If this is to be Arsène’s final season at the helm, and if the continued rumours are to be believed, the Frenchman’s reign will come to an end this summer, then where does the club go next? Hand on heart, very few Gooners had ever heard of the Nagoya Grampus Eight manager when he was ushered through the door twenty years ago (though subsequently, it’s incredible how many claim to have been charting his progress…) Casting your eye over the managers at Premier League clubs when Wenger took over shows just how forward thinking that move was:
Brian Little, Ray Harford, Ruud Gullit, Ron Atkinson, Jim Smith, Joe Royle, George Graham, Martin O’Neill, Roy Evans, Sir Alex Ferguson, Bryan Robson, Kevin Keegan, Frank Clark, David Pleat, Graeme Souness, Peter Reid, Gerry Francis, Harry Redknapp and Joe Kinnear.
The list reads like a who’s who of 1970s players, and managerial stalwarts of the 80s and 90s, with Gullit the only one from outside the British Isles. In the years since Wenger took over at Arsenal, the football landscape in this country has changed massively, and what went on at Highbury and then the Emirates has had a lot to do with that. In those 20 years, other Premier League clubs have gone through a staggering 232 managers, and gradually but definitively the tide has turned to foreign coaches. That is particularly the case with the bigger clubs, with marquee international managerial signings being as eagerly anticipated as those on the pitch.

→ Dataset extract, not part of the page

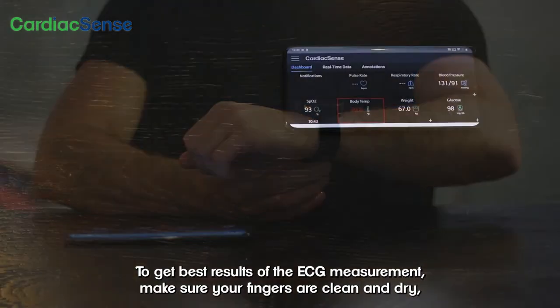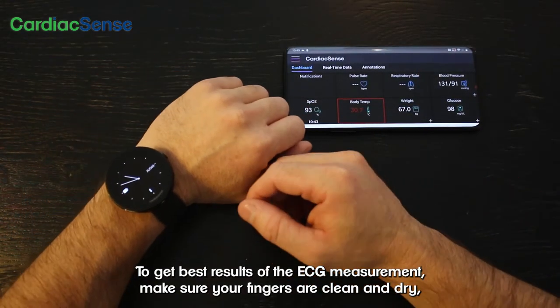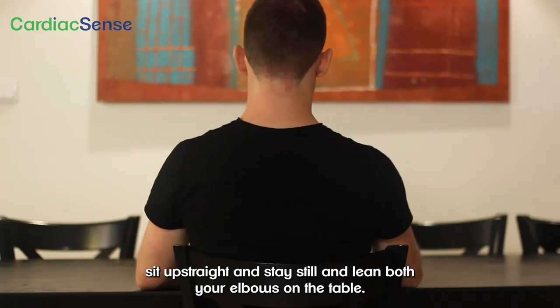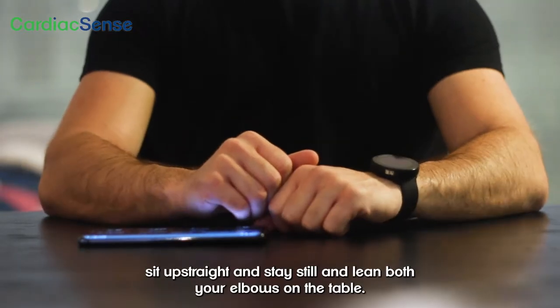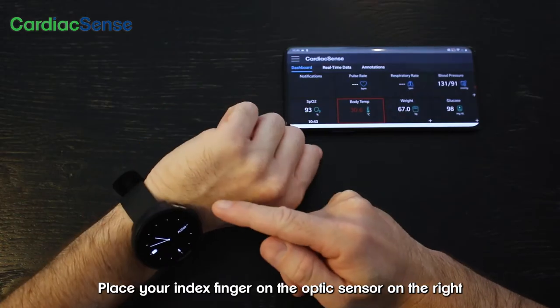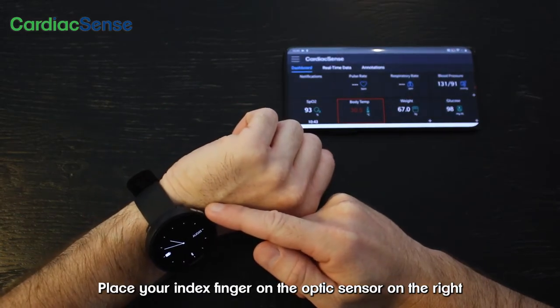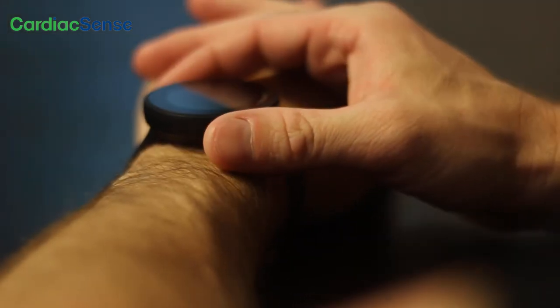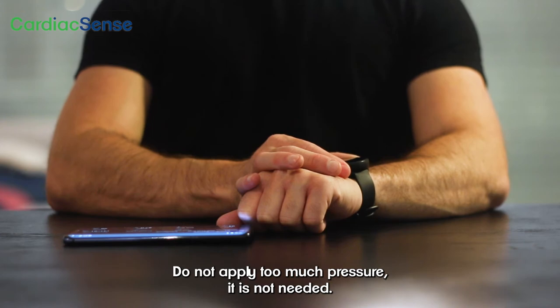To get the best results of the ECG measurement, make sure your fingers are clean and dry. Sit up straight and stay still, and lean both your elbows on the table. Place your index finger on the optic sensor on the right and your thumb on the oval metal sensor on the left. Do not apply too much pressure — it is not needed.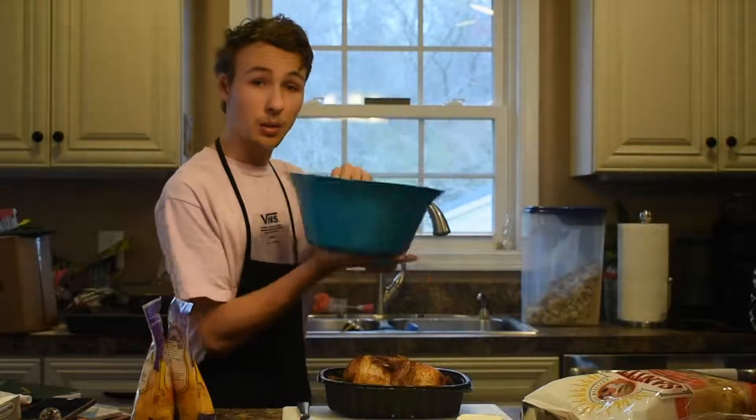The first thing you want to do is set out your cream cheese to soften. You might have to microwave it for about 30 seconds so it softens quicker. Then take your rotisserie chicken and start shredding it and putting it into the bowl.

So where do we go? Do we follow the trend, copy the likes of Manchester City, and (God forbid) Chelsea, or do we break the mould again, and go for “another Wenger?” There is no doubt it was a risk two decades ago. If that risk had failed though would we have had the balls to throw the dice a second time? Have we got them now to try it all again?
If he is to leave when his contract expires in the summer, it is hard to think that Wenger won’t have a say in his replacement, even if he doesn’t “go upstairs”. He will be handing over the reins at a crucial period, a similar one to when he took over himself. Online bookies BetStars currently has us 5th favourites to win the league, joint 5th favourites to win the FA Cup, and 8th favourites to win the Champions League. There are now 6 genuine contenders for the top 4, with another 3 or 4 chasing that pack hard. Whoever comes in is going to have to hit the ground running, which lends weight to the fact the board may well go for the safe option and go for a “name”. If Arsène does stay on at the club in some capacity however, it is unlikely an established manager would be happy taking the gig without complete freedom, i.e. without the Frenchman looking down and having a say in everything from transfers to playing style.
Wenger would prefer to bring someone in who he could mould in his own image, someone to carry on the philosophy that he has instilled into every aspect of the club. Whether that is the best way forward is debateable. Would a clean break be better? Whatever happens two things are for certain. Firstly Arsène Wenger’s legacy is intact, and secondly, it is going to be (another!) crucial and pivotal period in this great club’s history.